▶ What you should do
I'd like the entries reproduced exactly, with the images omitted.

▶ Captioned web image data
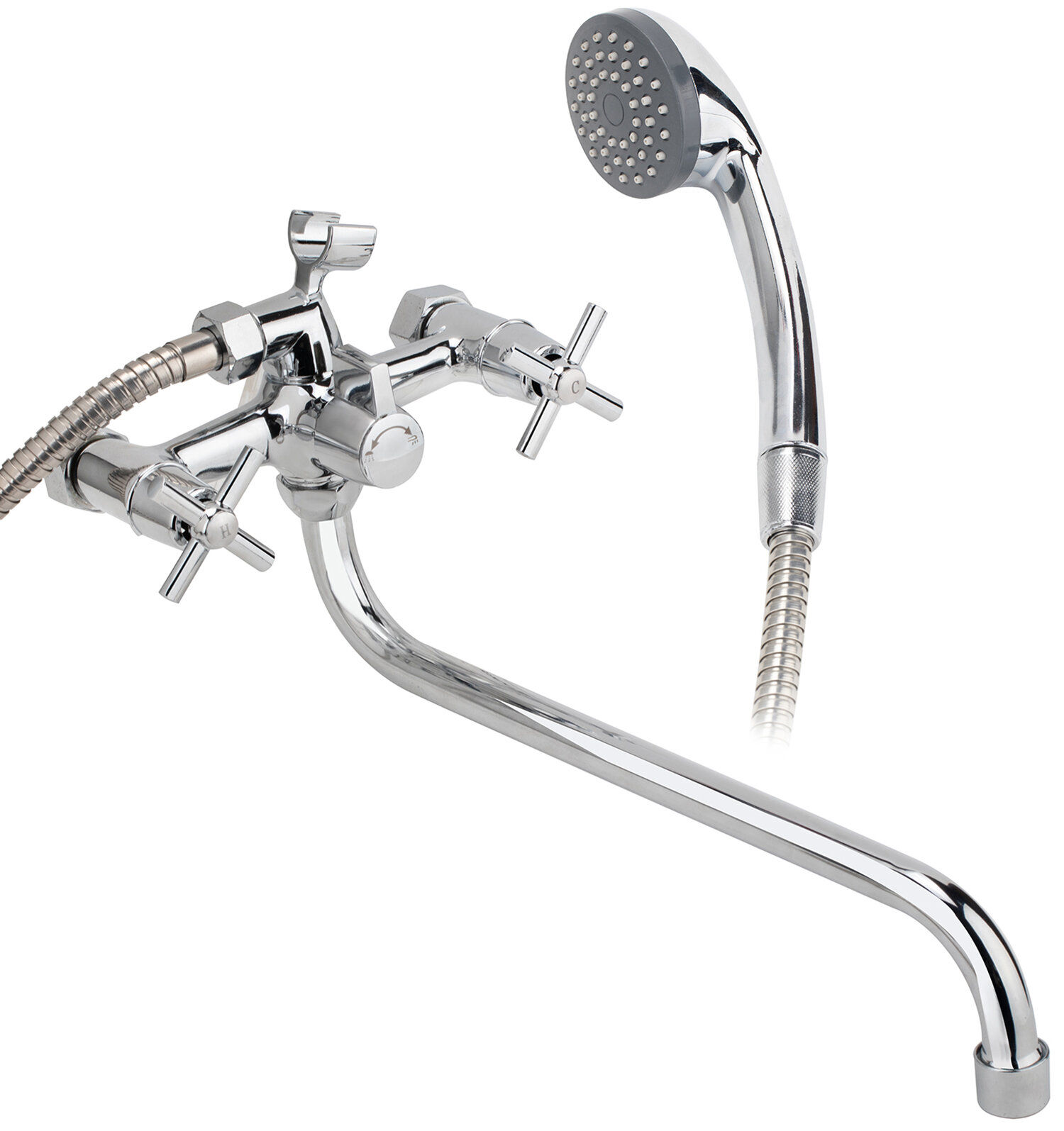 фото S75332-35S Смеситель для ванны с душем с длинным изливом двухвентильный, Glasar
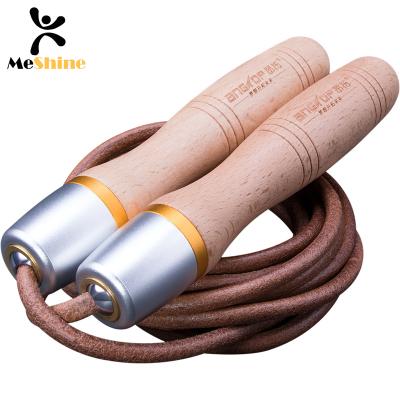 China Skipping Rope Logo High Quality Wooden Handle Leather Custom Jump Fitness Bodybuilding from Keepeak for sale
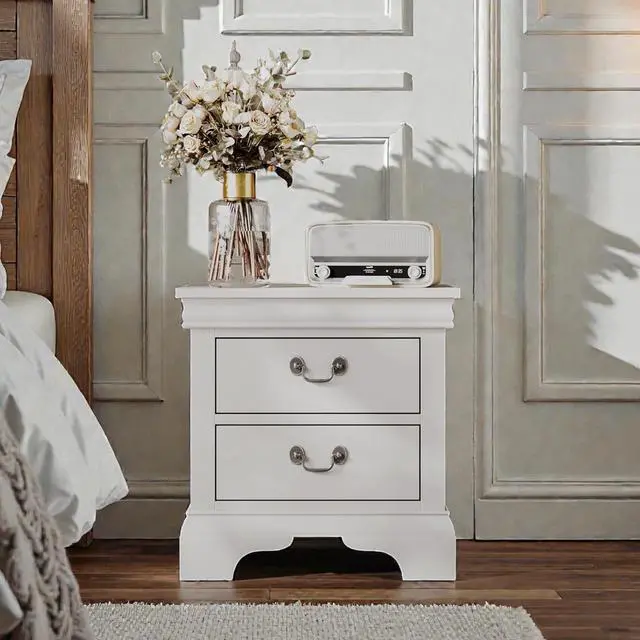 Alt view image 2 of 7 - 22" X 16" X 22.7" Classic Wooden Nightstand-White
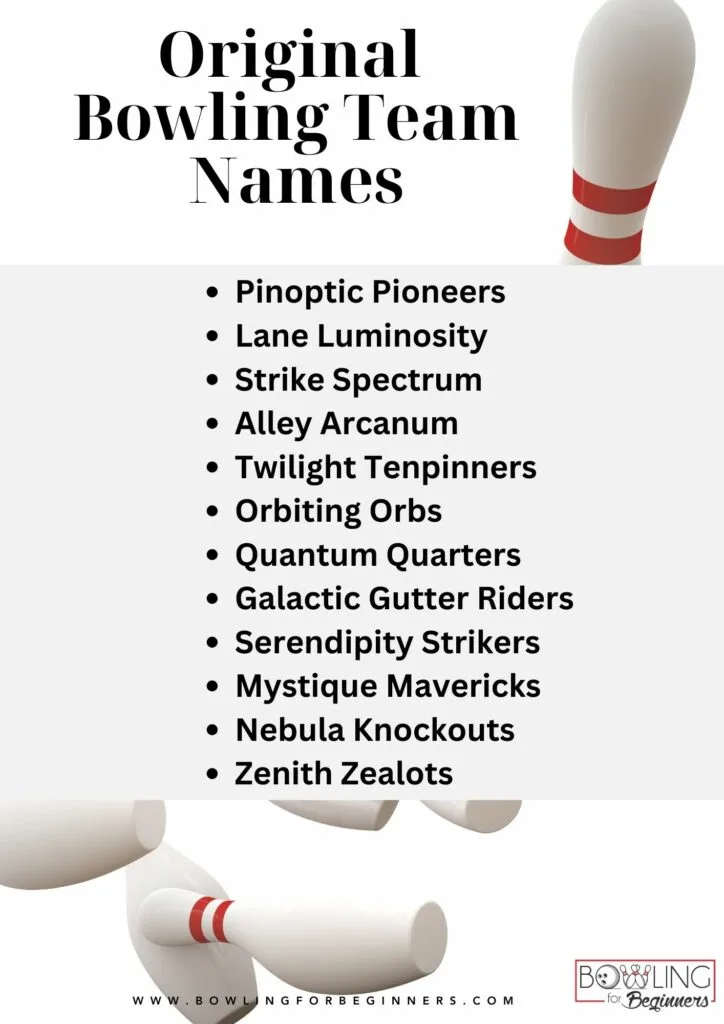 Original bowling team names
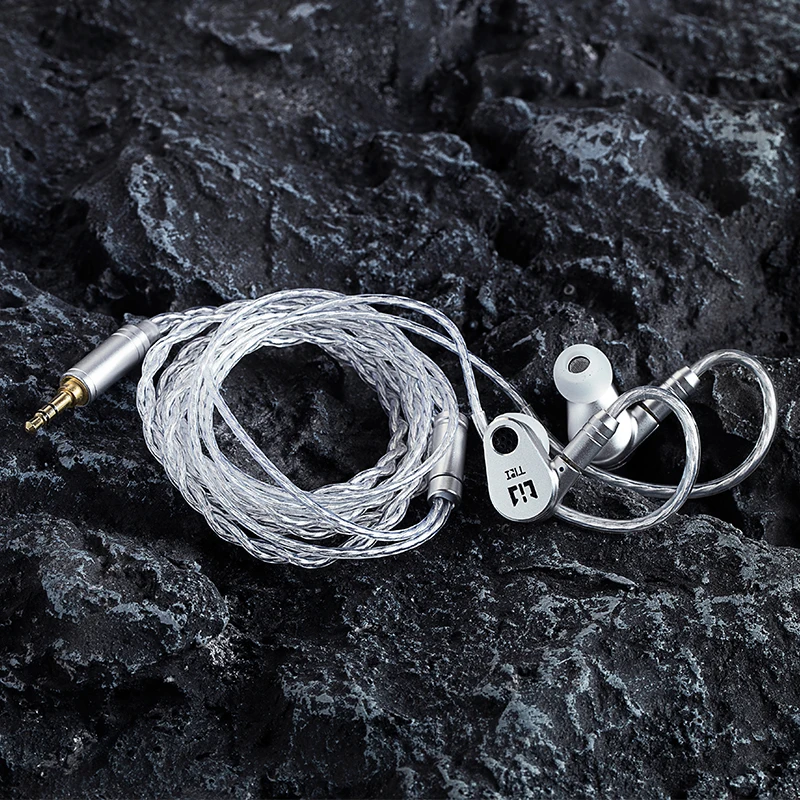 TRI DRACO-auriculares con Cable y controlador dinámico Dual para Monitor de oído, cascos con Cable de cobre Chapado en plata, HiFi, estéreo, IEM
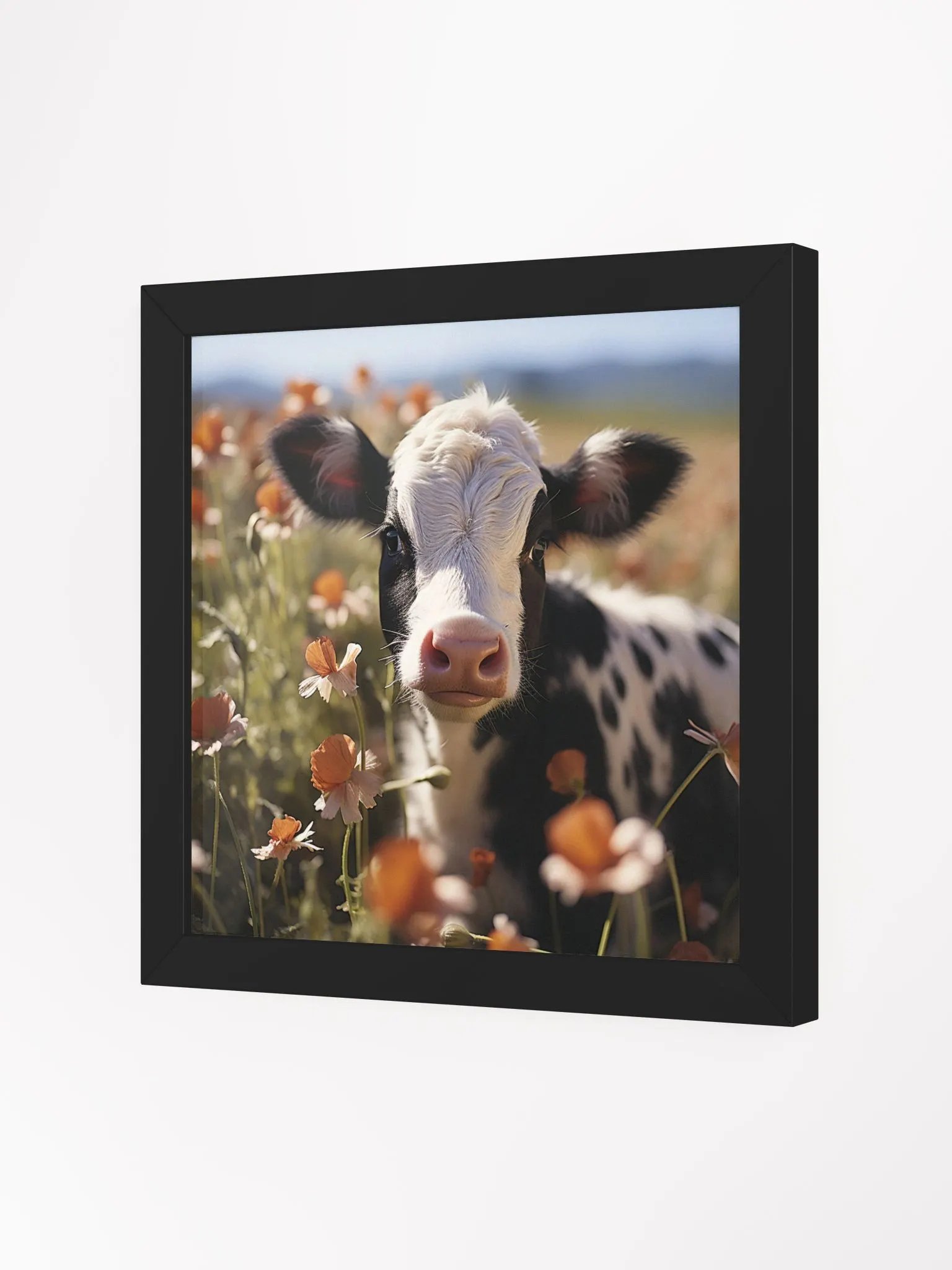 Cow In a Field of Flowers Farm Animal Wall Art product image (25)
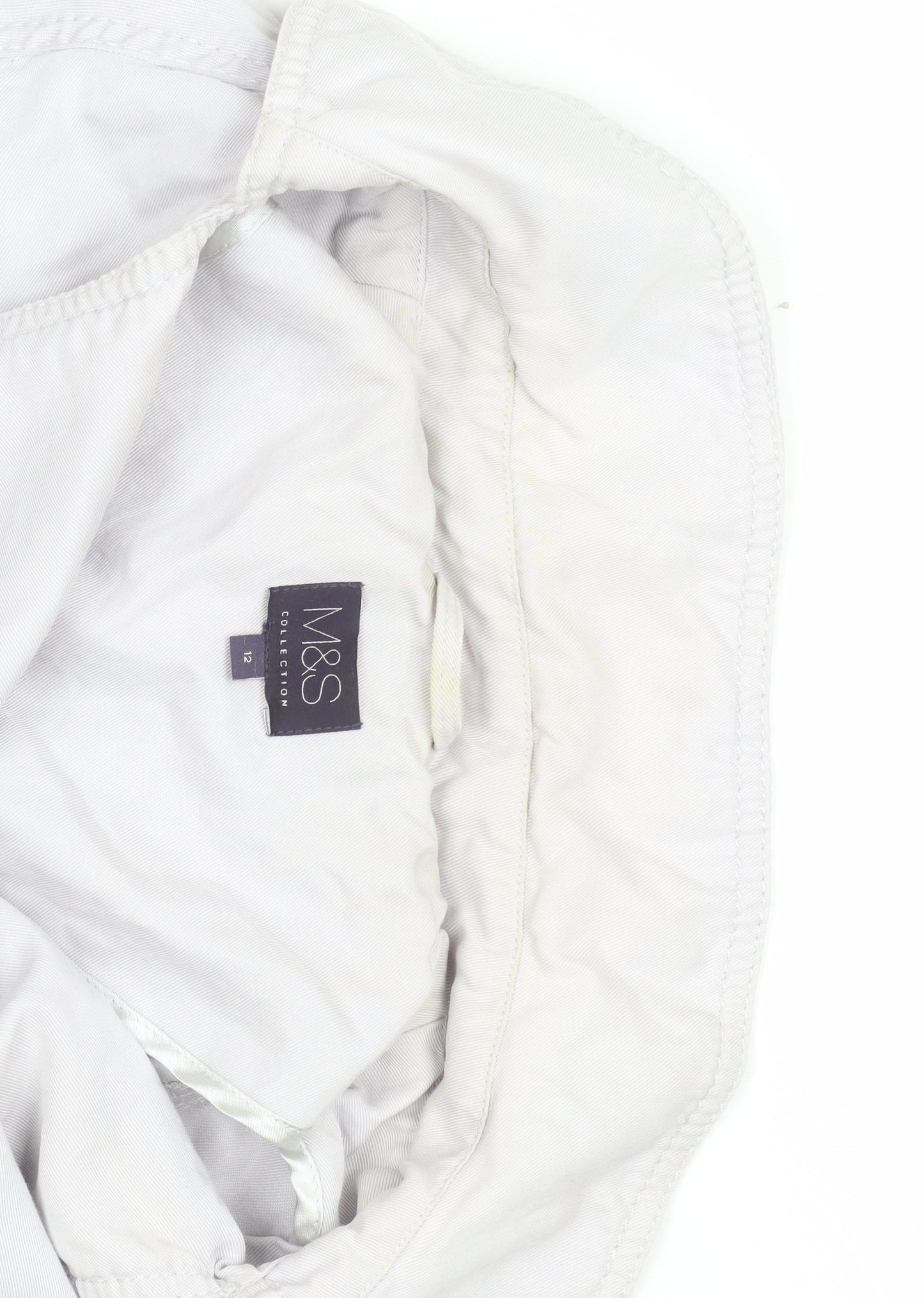 Marks and Spencer Women Grey Size 12 Lyocell Mid-Length Jacket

▶ Solution to this problem
 фото S75332-35S Смеситель для ванны с душем с длинным изливом двухвентильный, Glasar
 China Skipping Rope Logo High Quality Wooden Handle Leather Custom Jump Fitness Bodybuilding from Keepeak for sale
 Alt view image 2 of 7 - 22" X 16" X 22.7" Classic Wooden Nightstand-White
 Original bowling team names
 TRI DRACO-auriculares con Cable y controlador dinámico Dual para Monitor de oído, cascos con Cable de cobre Chapado en plata, HiFi, estéreo, IEM
 Cow In a Field of Flowers Farm Animal Wall Art product image (25)
 Marks and Spencer Women Grey Size 12 Lyocell Mid-Length Jacket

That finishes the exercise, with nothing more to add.